Le Progrès du Finistère, dans son édition du 10 octobre 1919, a rendu un bel hommage, à celui qui fut un des premiers élèves de l’école Saint-Yves, fondée en 1898 par les Pères de l’Immaculée Conception. Il connut ce premier Saint-Yves avant les expulsions de juillet 1903. « Aucun autre, aimait-il dire, n’aura passé dans cette maison autant d’années que moi ».

Un élève modèle.

En 1903, à la Distribution des Prix, Bertrand d’Amphernet figure en seconde place des lauréats de huitième. Il récidive en 1905, en classe de sixième.

En 1910, il prépare et obtient la première partie du baccalauréat, section latin-grec. Cette année-là, les six candidats de Saint-Yves inscrits dans cette option sont reçus ! Il obtient également la 1ère mention au concours de l’Institut catholique de Paris pour l’épreuve de Français.

En 1911, il fait encore partie des élèves les plus récompensés à la Distribution des prix. Il se voit décerner le Prix de l’École Saint-Yves et quitte son collège après avoir décroché le diplôme du bac de Philo.

« Pieux, d’une piété fervente et droite, il était aussi d’une régularité parfaite et donnait par ses succès aux examens et aux concours la preuve de son activité et de la valeur de son travail ; ses condisciples trouvaient en même temps en lui le camarade le plus prévenant, le plus obligeant, le plus loyal, d’une loyauté à toute épreuve. »

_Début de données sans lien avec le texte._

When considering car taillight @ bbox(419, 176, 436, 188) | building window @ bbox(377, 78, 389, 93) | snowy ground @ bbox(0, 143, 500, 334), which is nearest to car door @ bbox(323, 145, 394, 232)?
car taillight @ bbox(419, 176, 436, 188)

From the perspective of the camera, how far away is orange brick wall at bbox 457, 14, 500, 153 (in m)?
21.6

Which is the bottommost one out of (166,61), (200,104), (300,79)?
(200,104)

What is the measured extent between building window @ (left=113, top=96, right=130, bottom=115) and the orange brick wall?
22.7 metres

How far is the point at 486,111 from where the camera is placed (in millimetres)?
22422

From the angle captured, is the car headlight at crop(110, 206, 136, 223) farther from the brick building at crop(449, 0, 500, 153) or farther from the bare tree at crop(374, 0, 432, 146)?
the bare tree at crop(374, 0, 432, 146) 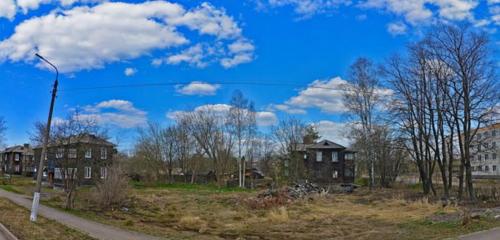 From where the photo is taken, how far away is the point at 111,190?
33.6 m

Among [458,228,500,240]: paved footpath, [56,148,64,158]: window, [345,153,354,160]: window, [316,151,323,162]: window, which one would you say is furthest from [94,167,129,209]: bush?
[345,153,354,160]: window

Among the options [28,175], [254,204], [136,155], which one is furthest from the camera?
[28,175]

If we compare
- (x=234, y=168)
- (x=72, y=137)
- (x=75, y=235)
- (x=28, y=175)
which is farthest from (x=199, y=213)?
(x=28, y=175)

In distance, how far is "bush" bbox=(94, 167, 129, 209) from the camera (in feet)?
110

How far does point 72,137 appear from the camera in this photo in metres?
31.0

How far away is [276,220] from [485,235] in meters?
12.3

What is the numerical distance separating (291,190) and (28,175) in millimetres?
68516

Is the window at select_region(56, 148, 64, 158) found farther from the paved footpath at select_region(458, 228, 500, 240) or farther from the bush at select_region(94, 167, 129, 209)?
the paved footpath at select_region(458, 228, 500, 240)

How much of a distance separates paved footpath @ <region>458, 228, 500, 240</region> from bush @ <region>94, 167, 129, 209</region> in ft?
78.5

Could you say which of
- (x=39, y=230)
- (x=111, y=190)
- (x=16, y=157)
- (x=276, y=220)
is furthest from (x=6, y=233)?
(x=16, y=157)

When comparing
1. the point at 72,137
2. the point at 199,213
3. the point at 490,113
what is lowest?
the point at 199,213

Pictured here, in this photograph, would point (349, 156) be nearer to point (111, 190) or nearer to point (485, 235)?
point (111, 190)

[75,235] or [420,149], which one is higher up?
[420,149]

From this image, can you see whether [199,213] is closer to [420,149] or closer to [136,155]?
[420,149] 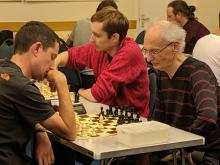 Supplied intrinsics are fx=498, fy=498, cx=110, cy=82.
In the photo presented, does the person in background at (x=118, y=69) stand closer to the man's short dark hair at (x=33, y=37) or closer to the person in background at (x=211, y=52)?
the man's short dark hair at (x=33, y=37)

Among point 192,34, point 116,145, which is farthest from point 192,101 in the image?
point 192,34

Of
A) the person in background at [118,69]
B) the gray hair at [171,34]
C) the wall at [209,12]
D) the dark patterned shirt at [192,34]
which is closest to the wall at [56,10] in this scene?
the wall at [209,12]

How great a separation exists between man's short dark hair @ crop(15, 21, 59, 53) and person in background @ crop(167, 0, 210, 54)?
4.49 m

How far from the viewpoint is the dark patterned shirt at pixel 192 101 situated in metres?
2.83

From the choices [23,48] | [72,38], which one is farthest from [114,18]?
[72,38]

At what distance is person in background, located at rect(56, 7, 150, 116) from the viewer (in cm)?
358

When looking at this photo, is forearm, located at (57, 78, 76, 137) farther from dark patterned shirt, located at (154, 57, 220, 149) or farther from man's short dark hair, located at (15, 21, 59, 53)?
dark patterned shirt, located at (154, 57, 220, 149)

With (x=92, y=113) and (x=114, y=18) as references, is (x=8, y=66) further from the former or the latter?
(x=114, y=18)

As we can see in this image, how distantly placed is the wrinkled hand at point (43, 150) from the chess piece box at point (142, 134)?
17.6 inches

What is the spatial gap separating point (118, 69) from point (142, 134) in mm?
1142

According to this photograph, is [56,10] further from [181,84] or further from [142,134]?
[142,134]

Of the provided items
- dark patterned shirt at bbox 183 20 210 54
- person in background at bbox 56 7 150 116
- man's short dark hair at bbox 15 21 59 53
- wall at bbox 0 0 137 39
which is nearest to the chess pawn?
person in background at bbox 56 7 150 116

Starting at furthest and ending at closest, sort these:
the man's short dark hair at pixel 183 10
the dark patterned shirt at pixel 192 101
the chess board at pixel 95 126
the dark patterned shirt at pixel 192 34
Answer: the man's short dark hair at pixel 183 10 < the dark patterned shirt at pixel 192 34 < the dark patterned shirt at pixel 192 101 < the chess board at pixel 95 126

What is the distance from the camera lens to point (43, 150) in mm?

Après Saint-Yves, il prépare Saint-Cyr. Il y achevait sa 2ème année lorsque s’ouvrirent les hostilités.

Sous-lieutenant au 156e d’infanterie.

« Parti dès les débuts avec le « Premier Bataillon de France », il était bientôt nommé sous-lieutenant au 156e d’infanterie. Le 17 Août 1914, il subissait avec « bonheur », écrivait-il, le baptême du feu ; le 24, il était blessé de deux balles, à Drouville (Meurthe-et-Moselle), à la bataille de Courbesseau... puis il disparut... »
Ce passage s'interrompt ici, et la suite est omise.